Summer Reading in the North Woods

The Call of Cthulhu and other Weird Stories by H. P. Lovecraft
The Great Shark Hunt by Hunter S. Thompson
The Diamond Age by Neal Stephenson
God Bless You Mr. Rosewater by Kurt Vonnegut
Guards! Guards! By Terry Pratchett

What are these? These are the books that my 16 year old son is taking to read at summer camp. I put them in his duffel bag this morning, along with Virgil’s Aeneid (in English, the new Robert Fagles translation) which he has to read for third year Latin. I think this is an extremely interesting batch of books, chosen by a boy with a keen mind and discerning taste. Last summer he read Stephen King’s Dark Tower series, all seven volumes. The summer before that, he read all of Douglas Adams. I am continually thrilled by his evolution as a reader.

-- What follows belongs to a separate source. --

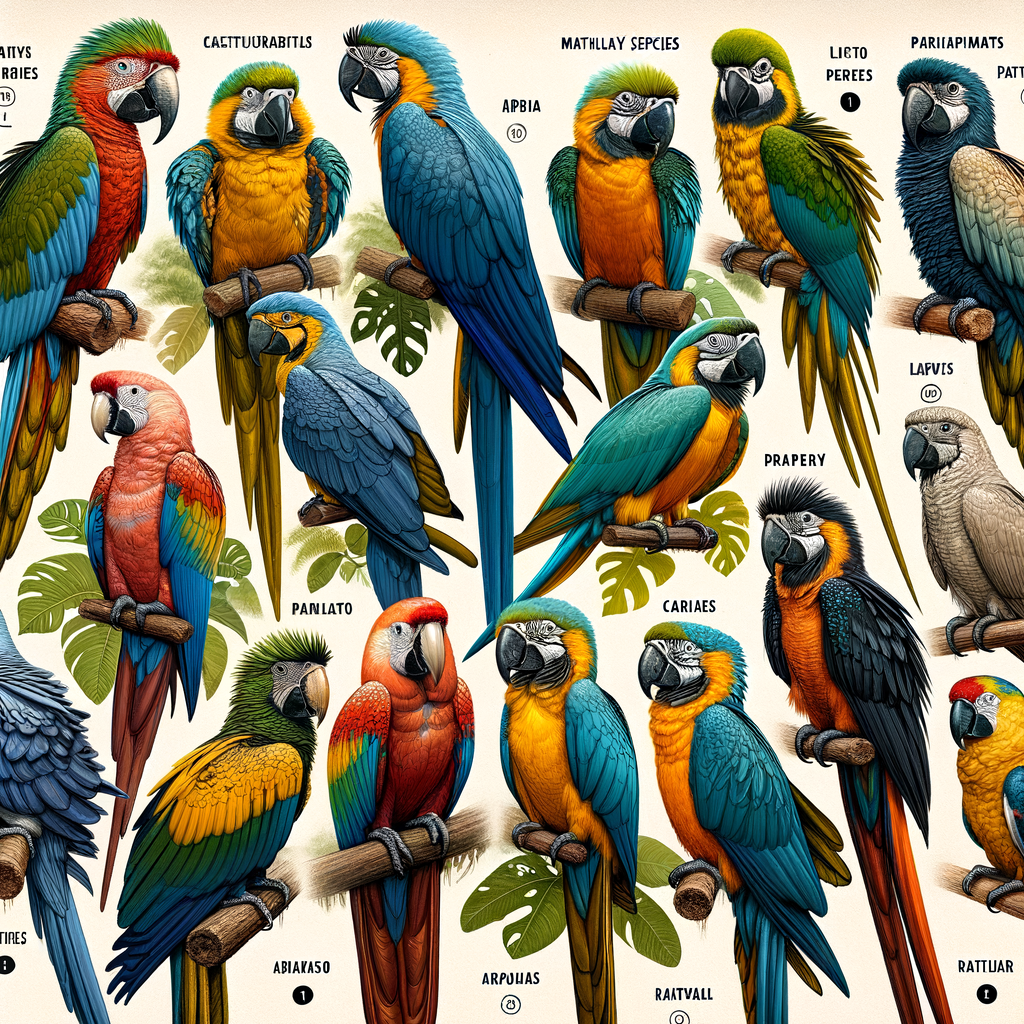 Comprehensive guide illustrating the diversity of lesser-known macaw species in their natural habitats, perfect for exploring and identifying rare macaw species.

I am trying to remember the books I read when I was 16. While I am not certain of titles, I do remember authors: Jean Plaidy, Victoria Holt, Anya Seton. Daphne DuMaurier. Jane Austen. Charlotte and Emily Bronte. A more predictable list than my son’s. I see that Three Rivers Press has come out with lovely new editions of Jean Plaidy’s books about the English Queens. They have not bothered to reissue the Victoria Holt books (Plaidy and Holt are both pen names of Eleanor Hibbert). The Holt gothic tales are a bit out of style right now, I imagine.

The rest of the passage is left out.